AMD EPYC 7742 64-Core

GPU

AMD Instinct MI250X

ROCm Version

ROCm 6.2.2

ROCm Component

flang

Steps to Reproduce

flang-new --version
AMD AFAR drop #4.0 9/28/24 flang-new version 20.0.0git (ssh://gerritgit/lightning/ec/llvm-project amd-feature/atd-fortran/2024.09.28 24385 1ad3ac337fa4b1a5a7621a4c5480028b54fffada)
Target: x86_64-unknown-linux-gnu
Thread model: posix
InstalledDir: /pfs/lustrep3/scratch/project_462000394/amd-sw/rocm-afar/5891/lib/llvm/bin
Build config: +assertions
$ cat link.F90 
program link
implicit none
real :: r
real, dimension(5) :: xs

!$omp target map(xs, r)
xs = 2
xs = modulo(xs, 3)
r = cosh(r)
r = tanh(r)
!$omp end target

end program
flang-new -fopenmp -fopenmp-targets=amdgcn-amd-amdhsa --offload-arch=gfx90a -fdefault-real-8 link.F90
ld.lld: error: undefined symbol: _FortranAAssign
>>> referenced by /tmp/a.out.amdgcn.gfx90a-6a405a.img.lto.o:(__omp_offloading_54bbb604_5101b8ee__QQmain_l6)
>>> referenced by /tmp/a.out.amdgcn.gfx90a-6a405a.img.lto.o:(__omp_offloading_54bbb604_5101b8ee__QQmain_l6)

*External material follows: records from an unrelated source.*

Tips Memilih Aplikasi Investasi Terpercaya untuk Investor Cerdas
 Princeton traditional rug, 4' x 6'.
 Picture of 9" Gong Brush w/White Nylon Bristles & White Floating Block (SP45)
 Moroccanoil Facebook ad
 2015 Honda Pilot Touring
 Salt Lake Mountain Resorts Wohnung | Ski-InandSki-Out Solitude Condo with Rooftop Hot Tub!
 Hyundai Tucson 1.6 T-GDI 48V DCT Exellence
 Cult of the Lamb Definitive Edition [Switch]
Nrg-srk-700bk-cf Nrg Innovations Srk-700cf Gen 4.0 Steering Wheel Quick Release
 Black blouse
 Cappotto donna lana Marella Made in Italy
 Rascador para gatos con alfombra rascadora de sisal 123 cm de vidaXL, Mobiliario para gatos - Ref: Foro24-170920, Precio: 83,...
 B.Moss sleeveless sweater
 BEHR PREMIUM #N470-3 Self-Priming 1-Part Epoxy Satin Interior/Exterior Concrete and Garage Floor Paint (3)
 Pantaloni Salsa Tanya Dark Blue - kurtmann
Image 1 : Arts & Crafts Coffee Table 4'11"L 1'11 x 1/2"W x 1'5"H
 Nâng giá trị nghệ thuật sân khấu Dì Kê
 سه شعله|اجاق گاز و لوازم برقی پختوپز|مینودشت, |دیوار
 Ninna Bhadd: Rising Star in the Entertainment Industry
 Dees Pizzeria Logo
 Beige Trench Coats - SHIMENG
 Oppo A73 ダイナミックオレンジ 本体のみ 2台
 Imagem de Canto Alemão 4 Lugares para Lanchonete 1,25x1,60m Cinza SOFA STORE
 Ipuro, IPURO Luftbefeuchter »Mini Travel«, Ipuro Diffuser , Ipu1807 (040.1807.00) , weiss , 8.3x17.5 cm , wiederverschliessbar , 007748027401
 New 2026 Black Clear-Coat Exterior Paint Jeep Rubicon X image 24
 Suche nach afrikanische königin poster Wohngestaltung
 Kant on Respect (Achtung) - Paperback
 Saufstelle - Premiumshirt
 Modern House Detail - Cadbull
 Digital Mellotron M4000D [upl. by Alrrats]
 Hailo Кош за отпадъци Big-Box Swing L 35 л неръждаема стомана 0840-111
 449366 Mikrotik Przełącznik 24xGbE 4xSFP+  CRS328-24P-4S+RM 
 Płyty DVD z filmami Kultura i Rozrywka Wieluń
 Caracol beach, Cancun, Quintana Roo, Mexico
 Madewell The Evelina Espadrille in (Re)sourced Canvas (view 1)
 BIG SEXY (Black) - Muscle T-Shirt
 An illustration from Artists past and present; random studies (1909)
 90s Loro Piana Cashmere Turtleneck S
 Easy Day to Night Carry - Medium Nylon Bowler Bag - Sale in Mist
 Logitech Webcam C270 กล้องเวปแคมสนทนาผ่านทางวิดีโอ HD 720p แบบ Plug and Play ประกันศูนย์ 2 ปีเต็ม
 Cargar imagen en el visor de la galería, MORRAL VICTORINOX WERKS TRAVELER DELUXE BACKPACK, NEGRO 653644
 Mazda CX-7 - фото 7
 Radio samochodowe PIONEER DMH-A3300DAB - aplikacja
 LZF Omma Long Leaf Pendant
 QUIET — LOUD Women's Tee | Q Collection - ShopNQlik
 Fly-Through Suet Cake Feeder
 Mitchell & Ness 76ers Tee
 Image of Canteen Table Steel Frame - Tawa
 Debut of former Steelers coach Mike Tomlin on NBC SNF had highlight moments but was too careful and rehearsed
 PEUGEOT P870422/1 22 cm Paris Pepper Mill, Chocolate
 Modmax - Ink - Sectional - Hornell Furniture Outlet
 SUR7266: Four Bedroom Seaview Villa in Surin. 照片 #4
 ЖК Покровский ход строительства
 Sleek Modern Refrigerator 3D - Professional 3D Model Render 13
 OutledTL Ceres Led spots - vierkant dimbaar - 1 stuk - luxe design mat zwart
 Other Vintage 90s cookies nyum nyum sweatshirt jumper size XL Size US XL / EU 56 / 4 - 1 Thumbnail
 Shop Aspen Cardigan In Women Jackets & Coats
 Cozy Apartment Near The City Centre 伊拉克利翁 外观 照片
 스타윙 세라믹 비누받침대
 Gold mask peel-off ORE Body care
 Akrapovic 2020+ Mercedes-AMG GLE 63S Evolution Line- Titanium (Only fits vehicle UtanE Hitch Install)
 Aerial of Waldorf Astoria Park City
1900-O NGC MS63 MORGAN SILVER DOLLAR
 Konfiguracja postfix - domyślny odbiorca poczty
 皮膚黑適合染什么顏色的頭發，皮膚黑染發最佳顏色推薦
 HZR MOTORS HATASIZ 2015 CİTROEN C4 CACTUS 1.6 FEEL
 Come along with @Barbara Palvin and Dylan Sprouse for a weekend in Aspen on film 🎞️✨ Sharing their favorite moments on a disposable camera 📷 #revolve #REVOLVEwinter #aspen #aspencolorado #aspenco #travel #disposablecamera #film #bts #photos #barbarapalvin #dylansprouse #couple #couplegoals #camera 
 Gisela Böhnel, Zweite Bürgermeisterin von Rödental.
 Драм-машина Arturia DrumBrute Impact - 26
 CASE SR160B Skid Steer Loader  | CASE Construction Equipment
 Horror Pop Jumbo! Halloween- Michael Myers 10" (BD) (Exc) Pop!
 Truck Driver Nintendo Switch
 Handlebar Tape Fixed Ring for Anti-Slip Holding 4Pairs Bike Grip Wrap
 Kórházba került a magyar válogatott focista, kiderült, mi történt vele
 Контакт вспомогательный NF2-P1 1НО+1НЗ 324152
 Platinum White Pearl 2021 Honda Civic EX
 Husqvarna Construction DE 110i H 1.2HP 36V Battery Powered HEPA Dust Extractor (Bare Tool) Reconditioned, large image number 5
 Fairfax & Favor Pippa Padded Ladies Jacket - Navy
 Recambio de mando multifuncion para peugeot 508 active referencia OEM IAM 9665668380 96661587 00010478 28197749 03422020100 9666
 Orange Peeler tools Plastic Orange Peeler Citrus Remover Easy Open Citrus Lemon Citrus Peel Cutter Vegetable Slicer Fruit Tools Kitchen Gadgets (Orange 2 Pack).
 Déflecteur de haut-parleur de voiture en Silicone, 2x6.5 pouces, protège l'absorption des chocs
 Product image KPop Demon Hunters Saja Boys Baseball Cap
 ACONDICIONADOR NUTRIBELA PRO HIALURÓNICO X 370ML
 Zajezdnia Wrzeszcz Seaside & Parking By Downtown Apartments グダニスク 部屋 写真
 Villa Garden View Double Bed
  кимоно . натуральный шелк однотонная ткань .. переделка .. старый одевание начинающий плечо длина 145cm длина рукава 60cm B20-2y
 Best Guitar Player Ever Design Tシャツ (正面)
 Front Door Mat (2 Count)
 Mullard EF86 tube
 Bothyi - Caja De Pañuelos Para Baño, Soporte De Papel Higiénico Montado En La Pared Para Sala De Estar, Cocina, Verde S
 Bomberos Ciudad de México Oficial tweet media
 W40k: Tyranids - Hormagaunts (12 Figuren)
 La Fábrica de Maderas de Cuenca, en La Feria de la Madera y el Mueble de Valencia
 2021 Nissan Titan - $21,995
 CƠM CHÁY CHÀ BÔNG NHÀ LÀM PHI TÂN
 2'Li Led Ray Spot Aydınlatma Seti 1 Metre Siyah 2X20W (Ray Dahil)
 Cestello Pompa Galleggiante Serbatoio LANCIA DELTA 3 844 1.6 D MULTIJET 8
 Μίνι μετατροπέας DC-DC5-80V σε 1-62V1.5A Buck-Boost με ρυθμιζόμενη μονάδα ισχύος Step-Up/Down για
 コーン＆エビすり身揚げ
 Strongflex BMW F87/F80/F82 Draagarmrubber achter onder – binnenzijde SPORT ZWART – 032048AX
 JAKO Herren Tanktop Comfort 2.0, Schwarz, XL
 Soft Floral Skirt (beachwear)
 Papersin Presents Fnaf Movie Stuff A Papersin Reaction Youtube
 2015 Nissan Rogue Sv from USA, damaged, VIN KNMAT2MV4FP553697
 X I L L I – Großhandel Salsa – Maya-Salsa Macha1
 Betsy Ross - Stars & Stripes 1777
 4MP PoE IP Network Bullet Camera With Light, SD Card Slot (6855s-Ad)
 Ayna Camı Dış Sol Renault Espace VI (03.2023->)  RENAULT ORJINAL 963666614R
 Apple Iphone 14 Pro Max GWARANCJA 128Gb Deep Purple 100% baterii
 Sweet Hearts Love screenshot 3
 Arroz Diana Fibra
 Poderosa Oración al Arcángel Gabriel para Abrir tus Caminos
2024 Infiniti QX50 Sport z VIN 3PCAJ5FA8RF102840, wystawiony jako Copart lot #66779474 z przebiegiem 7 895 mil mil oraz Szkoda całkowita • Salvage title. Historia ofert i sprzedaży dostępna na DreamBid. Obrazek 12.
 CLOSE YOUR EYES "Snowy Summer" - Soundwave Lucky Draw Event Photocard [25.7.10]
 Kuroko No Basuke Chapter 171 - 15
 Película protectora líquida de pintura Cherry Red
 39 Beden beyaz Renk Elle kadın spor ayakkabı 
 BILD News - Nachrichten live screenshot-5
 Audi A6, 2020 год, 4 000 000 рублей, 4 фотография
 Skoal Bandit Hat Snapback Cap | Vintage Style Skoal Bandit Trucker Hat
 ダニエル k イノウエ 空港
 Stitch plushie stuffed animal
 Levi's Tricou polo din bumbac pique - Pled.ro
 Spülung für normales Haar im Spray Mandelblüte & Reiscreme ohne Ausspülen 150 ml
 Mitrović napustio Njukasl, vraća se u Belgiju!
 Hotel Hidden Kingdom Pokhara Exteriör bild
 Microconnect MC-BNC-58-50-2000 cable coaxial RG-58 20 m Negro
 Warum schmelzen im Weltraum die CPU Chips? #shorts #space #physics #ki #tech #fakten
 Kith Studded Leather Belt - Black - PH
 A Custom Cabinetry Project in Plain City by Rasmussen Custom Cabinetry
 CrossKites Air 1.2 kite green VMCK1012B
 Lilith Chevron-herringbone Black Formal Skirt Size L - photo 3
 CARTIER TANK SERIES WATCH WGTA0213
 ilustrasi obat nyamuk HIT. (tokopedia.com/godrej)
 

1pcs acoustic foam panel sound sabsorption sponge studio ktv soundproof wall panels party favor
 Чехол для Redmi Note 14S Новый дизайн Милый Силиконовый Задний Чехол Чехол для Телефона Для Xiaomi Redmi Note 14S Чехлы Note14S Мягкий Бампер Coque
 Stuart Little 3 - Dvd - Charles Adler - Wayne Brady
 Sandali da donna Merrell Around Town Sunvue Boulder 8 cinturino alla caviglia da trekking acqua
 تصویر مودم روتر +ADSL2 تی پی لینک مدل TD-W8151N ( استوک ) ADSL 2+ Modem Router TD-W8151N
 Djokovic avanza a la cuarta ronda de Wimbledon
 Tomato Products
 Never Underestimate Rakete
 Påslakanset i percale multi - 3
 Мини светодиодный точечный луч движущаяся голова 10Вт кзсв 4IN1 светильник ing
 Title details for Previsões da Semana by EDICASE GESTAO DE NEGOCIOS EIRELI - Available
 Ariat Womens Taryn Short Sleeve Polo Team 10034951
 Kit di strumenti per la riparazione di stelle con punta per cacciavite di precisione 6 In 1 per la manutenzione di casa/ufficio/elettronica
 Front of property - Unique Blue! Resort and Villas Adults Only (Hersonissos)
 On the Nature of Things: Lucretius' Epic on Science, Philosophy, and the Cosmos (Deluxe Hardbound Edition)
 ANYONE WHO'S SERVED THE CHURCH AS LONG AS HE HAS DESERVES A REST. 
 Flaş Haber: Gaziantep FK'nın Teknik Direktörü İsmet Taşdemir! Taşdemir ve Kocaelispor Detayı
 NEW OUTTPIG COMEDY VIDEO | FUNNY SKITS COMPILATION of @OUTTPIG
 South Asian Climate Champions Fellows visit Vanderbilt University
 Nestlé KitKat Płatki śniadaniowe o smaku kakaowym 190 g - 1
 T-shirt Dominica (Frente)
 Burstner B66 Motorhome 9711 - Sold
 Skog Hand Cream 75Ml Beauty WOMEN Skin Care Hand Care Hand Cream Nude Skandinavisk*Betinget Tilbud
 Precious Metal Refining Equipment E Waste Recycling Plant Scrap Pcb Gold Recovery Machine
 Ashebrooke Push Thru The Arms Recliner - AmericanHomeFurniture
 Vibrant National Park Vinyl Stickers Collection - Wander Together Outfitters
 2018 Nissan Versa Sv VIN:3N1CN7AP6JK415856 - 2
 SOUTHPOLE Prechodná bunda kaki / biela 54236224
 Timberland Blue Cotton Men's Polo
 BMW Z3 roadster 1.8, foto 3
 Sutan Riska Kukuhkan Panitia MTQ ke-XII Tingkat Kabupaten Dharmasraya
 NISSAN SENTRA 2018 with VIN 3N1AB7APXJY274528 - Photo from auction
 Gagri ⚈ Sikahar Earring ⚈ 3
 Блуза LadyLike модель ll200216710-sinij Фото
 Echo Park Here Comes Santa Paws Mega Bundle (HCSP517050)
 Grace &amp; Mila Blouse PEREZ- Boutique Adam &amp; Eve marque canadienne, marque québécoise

ld.lld: error: undefined symbol: _FortranAModuloReal8
>>> referenced by /tmp/a.out.amdgcn.gfx90a-6a405a.img.lto.o:(__omp_offloading_54bbb604_5101b8ee__QQmain_l6)
>>> referenced by /tmp/a.out.amdgcn.gfx90a-6a405a.img.lto.o:(__omp_offloading_54bbb604_5101b8ee__QQmain_l6)

ld.lld: error: undefined symbol: cosh
>>> referenced by /tmp/a.out.amdgcn.gfx90a-6a405a.img.lto.o:(__omp_offloading_54bbb604_5101b8ee__QQmain_l6)
>>> referenced by /tmp/a.out.amdgcn.gfx90a-6a405a.img.lto.o:(__omp_offloading_54bbb604_5101b8ee__QQmain_l6)
clang: error: ld.lld command failed with exit code 1 (use -v to see invocation)
/pfs/lustrep3/scratch/project_462000394/amd-sw/rocm-afar/5891/lib/llvm/bin/clang-linker-wrapper: error: 'clang' failed
flang-new: error: linker command failed with exit code 1 (use -v to see invocation)

(Optional for Linux users) Output of /opt/rocm/bin/rocminfo --support

No response

Additional Information

No response

In the user guide we have documented that adding -lFortranRuntimeHostDevice to the link line will resolve these link issues. As noted, using this device version of the FortranRuntime will result in low performance but allow linking and running of user programs. We however very much appreciate the reports of what functionality is needed by user codes from the runtime so the runtime calls can be circumvented. E.g. one would expect cosh to be able to be lowered directly without a call to the Fortran runtime.

Math functions may alternatively require -lm when linking.

VeeEM commented

Thanks! With the drop 4.2 compiler I am able to link the runtime with -lFortranRuntimeHostDevice. I'm curious, why is performance poor with the device runtime? Is it just overhead from calling library functions or something else entirely? The program I'm working on uses assign, dot_product, mod, modulo and sum in some target regions.

With the math functions I do still have the same problem, adding -lm to the compiler invocation does not help with linking cosh. tanh works fine, just as before.

$ flang-new -fopenmp -fopenmp-targets=amdgcn-amd-amdhsa --offload-arch=gfx90a -fdefault-real-8 -lFortranRuntimeHostDevice -lm link.F90
ld.lld: error: undefined symbol: cosh
>>> referenced by a.out.amdgcn.gfx90a.img.lto.o:(__omp_offloading_54bbb604_4d007b9a__QQmain_l6)
>>> referenced by a.out.amdgcn.gfx90a.img.lto.o:(__omp_offloading_54bbb604_4d007b9a__QQmain_l6)
clang: error: ld.lld command failed with exit code 1 (use -v to see invocation)

If I compile with --save-temps and look into link-openmp-amdgcn-amd-amdhsa-gfx90a-llvmir.mlir, I see that the symbols for cosh and tanh look quite different to eachother. cosh is cosh, but the symbol for tanh is __ocml_tanh_f64.

I've opened an internal ticket regarding cosh so we will investigate. A drop 4.3 is available (need to update the user guide still, https://repo.radeon.com/rocm/misc/flang/). It may improve some of the assignment performance issues. The runtime is not really a device optimized library and is mostly the existing runtime compiled for device, which is a highly templated C++ library.